He’d taken a sip of water from a bottle he’d swiped out of the mill gym’s mini fridge; he choked on it when he realized what she thought he’d asked. By the time he got the coughing under control, Robin had spilled out everywhere she and Reynolds had done it. “Damn, Robin. Shut the hell up. I’ll never be able to touch one of those gym mats again without a can of Lysol. Shit.”

“Hey, you asked.” She laughed, and the sound was so infectious he couldn’t help chuckling himself.

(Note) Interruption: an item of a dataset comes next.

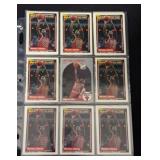 (27) Michael Jordan Basketball Cards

“I meant feeding. I wondered if he fed from you after Mirren said not to. Holy Mother of God, I didn’t want to hear the rest of that. Glory’s sofa? If Mirren finds out you and Reynolds fucked on his sofa, you are both going to be roadkill.”

“He won’t know unless you tell him.” Robin smiled. “I like Cage.”

He glanced over at her. “Like like? Or love like?”

She didn’t answer, and at first he thought she’d fallen asleep. In which case he was turning this rig around and going to bed.

“It’s not that simple with shifters, you know.”

Nik had always wondered about Robin’s family and what her life had been like before she’d moved to New Orleans. It was as if she’d sprung fully grown and fully formed into her lower French Quarter third-story flat, not far from his family home. He was curious but respected her enough to avoid being nosy.

“You know if you ever want to talk about your life before, I’m here, right? No pressure. Just if you ever want to.”

Her voice was soft. “I know.”

The case in Houston they’d just finished had involved a wolf shifter who’d basically been sold by her parents into an arranged marriage. Robin had been even more infuriated by it than the rest of the team, and she was impatient with the woman for not going against her family sooner. It had made Nik wonder what the eagle-shifter culture was like. He’d done some research into the wild raptors, the golden eagles. They mated for life. They spent most of their lives in a fairly small area. They were expert trackers and hunters.

Yet here was little Robin, an expert tracker, but one who was ready to hit the road and go wherever it took her, keeping people at arm’s length. So who knew? She’d tell him when she wanted, and not a second before. He had to respect that.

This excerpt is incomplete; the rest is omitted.